The hairs on Rocket are not only razor sharp but also move independently of each other, the cracks Groot's rough bark body are discrete, and the individual whiskers on the faces of Kurt Russell and Chris Pratt are striking. The loose wires and exposed pipes of Quill's ship are plainly visible while the most negligible scratch and imperfection everywhere gives the ship some character. The lettering in buttons are more distinct and legible, and the thick threading in the costumes is unmistakable, looking more aged than before. For more observant viewers, the makeup work of Gamora, Drax and Nebula will reveal the most trifling and insignificant detail, adding to their realistic appearance, while facial complexions beneath the makeup appear natural with lifelike textures.
It's not always perfect, as there still remains a couple blurrier spots compared to some of the best moments and there are minor instances of aliasing along the sharpest edges. Still, the movie looks awesome!
Even more impressive is the improved contrast and brightness, which is where the UHD wins hands-down over its BD counterpart. The overall picture quality is noticeably brighter, providing the whole production with a bit more pep and enthusiasm. Whether it's the fluffy clouds in the sky and Ayesha's white furry coat or all the lights blinking on any given ship, the video delivers some of the whitest whites available on any format, providing various objects with an intensely sparkling radiance. Compared to the HD version, the brightest highlights are tighter and better controlled, making it possible to make out the tiniest details without sacrificing the luminescent glow of those said objects. From the sun shining over Ego's planet or the intricacies and tiny moving orbs inside the Anulax Batteries or the individual stars blinking against the blackness of the universe, the presentation is simply gorgeous. Brightness levels are significantly better in HDR, delivering pitch-black shadows that never engulf or ruin the smallest object in the background. In fact, the encode comes with a stunning gradation of blacks, cleanly differentiating the various shades so that viewers can plainly make out the most negligible differences in each character's outfit.

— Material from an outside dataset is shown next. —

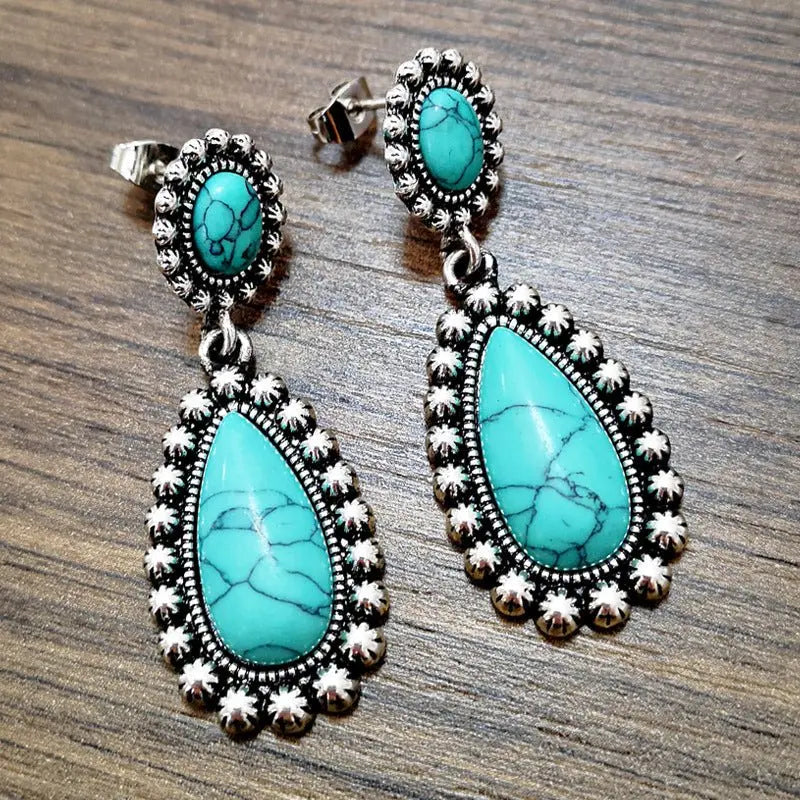 Turquoise Earrings Antique Silver Drop-Jewearrings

As with the Blu-ray, one of the best aspects of the production is the vibrant cinematography of Henry Braham, and while the UHD doesn't provide a massive upgrade in this area, the 4K presentation is still the better and more faithful representation of the film's brash, comic-book style. Those same lush, sumptuous primaries oozing off the screen with giddy delight pop brighter with a bit more zest and animation than before. Yondu is a slightly deeper shade of blue that seems more realistic, Gamora shines a slightly brighter green while clearly revealing the silver-like scars around her eyes, and Nebula shows three different shades of purplish blue. More impressive is seeing that Drax's body is actually of a thickly textured, metallic gray color, and the Sovereign are practically made of gold, radiating with a stunning, intensely yellow glow. I also love that we can see Rocket's outfit is actually blue while the Ravager jackets are of a blood-red crimson color. Arguably, the best moment is on Ego's planet parading about with an extensive array of flamboyant, gaudy pastels, making the sentient world appear like a gorgeous phantasmagoric dream, but I personally was wowed more by the mesmerizing firework display of the Ravager funeral.

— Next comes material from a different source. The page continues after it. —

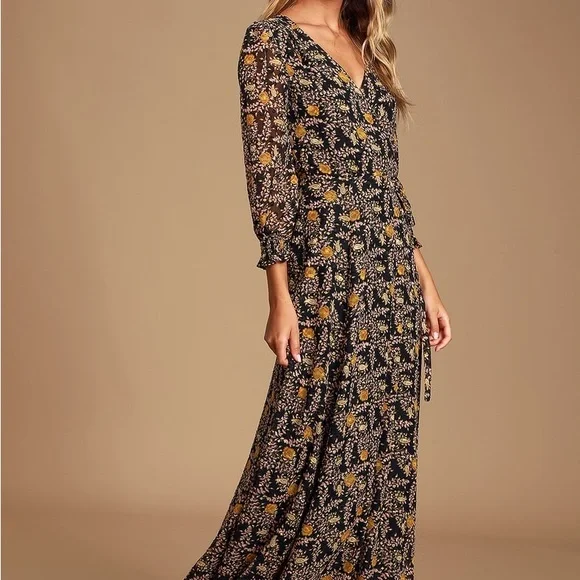 Lulus | Dresses | Lulus Meet Me There Black Multi Floral Print Wrap Maxi  Dress | Poshmark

The Audio: Rating the Sound
In another first for Disney Studios, the superhero sequel is also the studio's first home theater release with an object-based audio format, equipping our favorite band of guardian misfits with an awesome Dolby Atmos soundtrack and is only exclusively available on the 4K Ultra HD disc. Comparatively speaking, the track is not significantly different from its DTS-HD counterpart, which has more to do with the original recording than with any perceived faults in the codec. This version is a terrifically boisterous and rambunctious soundtrack with several demo-worthy moments for showing off to friends.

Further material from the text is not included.